Questa filiera è stata proprio uno dei settori in più rapida crescita in Zimbabwe nell’ultimo decennio, con un tasso di crescita stimato del 50% in tre anni (da 88.000 tonnellate nel 2012 a 132.000 tonnellate nel 2014). Tuttavia, il periodo di declino macroeconomico e un’epidemia di influenza aviaria nel 2017, il settore ha registrato un calo complessivo della crescita del 10%. Mentre i grandi produttori sono riusciti ad evitare gran parte dell’impatto, i piccoli e medi produttori hanno registrato un forte calo della crescita.

La maggior parte della produzione di polli da carne è ancora realizzata da piccoli produttori e quindi la loro ripresa è vitale per una crescita inclusiva del settore: i grandi produttori forniscono al mercato formale (principalmente supermercati, macellerie e ristoranti) circa 2.600-3.000 tonnellate di carne di pollo al mese, mentre i piccoli produttori vendono circa 6.000-6.500 tonnellate al mese.

Tuttavia, nonostante il fatto che i piccoli produttori su piccola scala siano stati gli attori chiave del settore avicolo in Zimbabwe, la produttività rimane sottostimata rispetto alle potenzialità con scarsa qualità, alti costi delle transazioni e mercati insicuri.
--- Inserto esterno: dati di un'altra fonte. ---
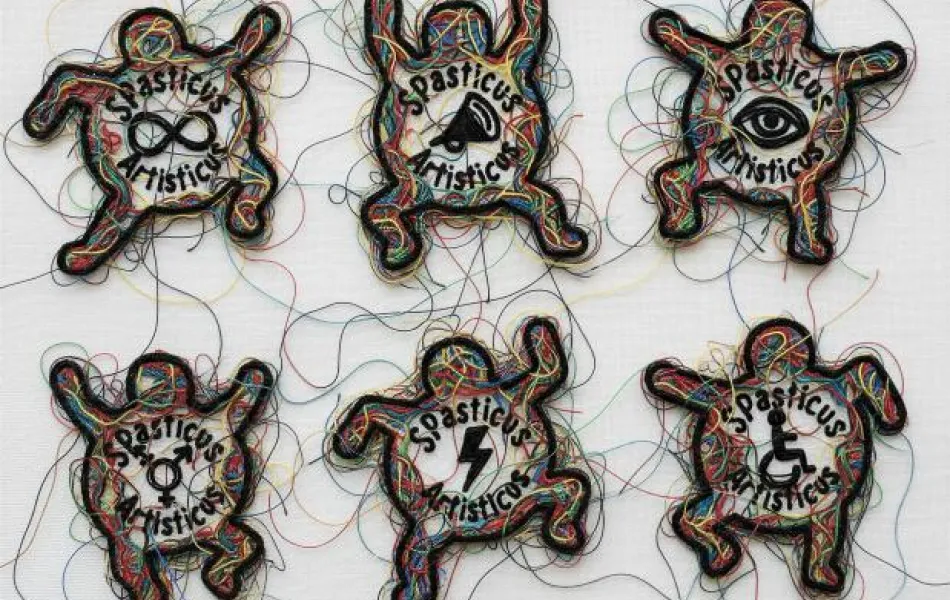 Seis figuras humanas hechas con hilo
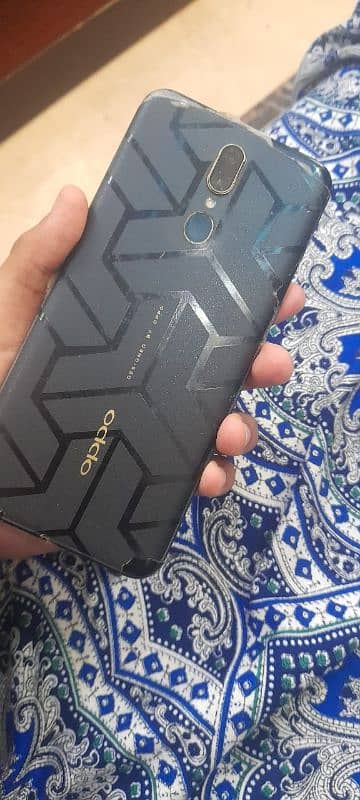 oppo f11 box pack & condition 10/9 1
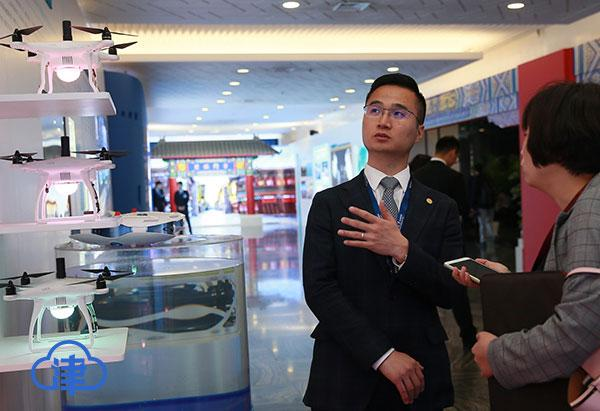 天津飞控技术全球领先 推介会上津产无人机吸睛外国大使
Una caratteristica importante della catena di valore dei polli da carne in Zimbabwe è il suo alto grado di integrazione verticale con le grandi aziende che sono in grado di controllare i fattori chiave della produzione, quindi l’integrazione del piccoli produttori in sistemi di allevamento, articolati con il sistema finanziario e con la catena di trasformazione e distribuzione, tipo hub, rappresenta una possibile soluzione ai mercati insicuri (volatilità dei prezzi) e ad alti costi di produzione (mangimi, trasporto e burocrazia), più il rispetto di standard di qualità (HACCP ed aspetti legali).

Il progetto “Inclusive poultry value chain development project”, che lavora in ben 25 distretti, è parte di un complesso e ampio programma del Governo nazionale dello Zimbabwe cofinanziato dalla Unione europea che mira a sviluppare un settore agricolo più diversificato ed efficiente e che promuove la sostenibilità ambientale e sociale. L’obiettivo generale del progetto e contribuire alla costruzione di una catena di valore del pollame più efficiente, e di conseguenza aumentare la crescita economica del Paese in modo sostenibile.
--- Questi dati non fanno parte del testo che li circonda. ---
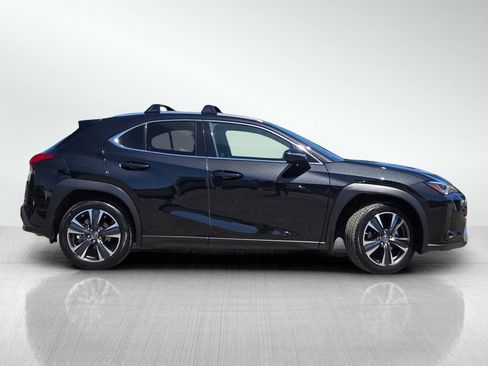 Used 2022 Lexus UX 200 w/ Accessory Package (Z2) FWD image 4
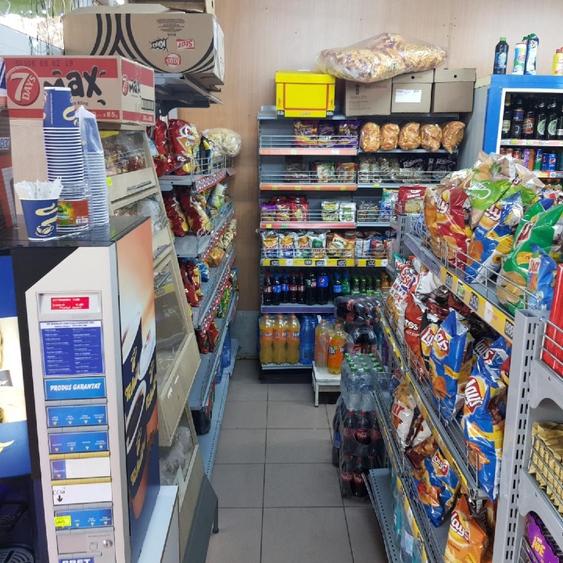 Vând Spatiu Comercial  - 3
Per raggiungerlo, il progetto sta cercando di avvicinare di più i vari attori della filiera – produttori, trasformatori, distributori e commercianti – e soprattutto di inserire alti standard di qualità, rispetto dei diritti del lavoro, pratiche per una migliore sicurezza alimentare e gestione delle risorse naturali, incentivando tecniche ambientalmente più sostenibili.

In particolare sono stati promossi dei modelli di produzione di mangimi replicabili che riducono il loro costo (di grande impatto sulla produzione finale) come ci racconta Tafadzwad Charumbira del distretto di Goromonzi, che è entrata nel progetto con 3000 polli da carne e oggi ne ha 5000 e che è arrivata a produrre in modo autonomo ben 17,5 tonnellate di mangime: “Ho usato semi di girasole, mais tritato e fagioli di soia macinati. Questo tipo di mangime è stato inviato al Feed Mix (ente preposto alla qualità) ed è stato approvato. Oggi posso risparmiare 160 dollari per tonnellata di cibo. In questo momento sto formando 30 agricoltori della mia comunità per creare il loro proprio mangime con le risorse disponibili vicino alla loro fattoria”.